◆ **SOURCE RECORDS**

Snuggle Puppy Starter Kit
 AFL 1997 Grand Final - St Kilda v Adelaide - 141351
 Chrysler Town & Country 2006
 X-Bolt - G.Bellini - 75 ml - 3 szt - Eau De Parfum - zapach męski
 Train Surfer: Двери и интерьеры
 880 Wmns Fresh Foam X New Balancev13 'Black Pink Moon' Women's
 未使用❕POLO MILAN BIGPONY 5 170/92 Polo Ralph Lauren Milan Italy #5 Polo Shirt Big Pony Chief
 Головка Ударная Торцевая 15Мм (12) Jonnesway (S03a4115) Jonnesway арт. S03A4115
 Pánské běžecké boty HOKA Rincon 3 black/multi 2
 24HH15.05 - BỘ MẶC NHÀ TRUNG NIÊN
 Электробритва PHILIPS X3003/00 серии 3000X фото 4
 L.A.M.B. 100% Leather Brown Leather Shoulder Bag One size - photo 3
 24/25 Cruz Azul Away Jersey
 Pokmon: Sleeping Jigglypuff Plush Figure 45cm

◆ **TASK GOAL**
Quote the records above from their first line through the line containing "24HH15.05 - BỘ MẶC NHÀ TRUNG NIÊN", both ends included.

◆ **REPLY TO THE TASK**
Snuggle Puppy Starter Kit
 AFL 1997 Grand Final - St Kilda v Adelaide - 141351
 Chrysler Town & Country 2006
 X-Bolt - G.Bellini - 75 ml - 3 szt - Eau De Parfum - zapach męski
 Train Surfer: Двери и интерьеры
 880 Wmns Fresh Foam X New Balancev13 'Black Pink Moon' Women's
 未使用❕POLO MILAN BIGPONY 5 170/92 Polo Ralph Lauren Milan Italy #5 Polo Shirt Big Pony Chief
 Головка Ударная Торцевая 15Мм (12) Jonnesway (S03a4115) Jonnesway арт. S03A4115
 Pánské běžecké boty HOKA Rincon 3 black/multi 2
 24HH15.05 - BỘ MẶC NHÀ TRUNG NIÊN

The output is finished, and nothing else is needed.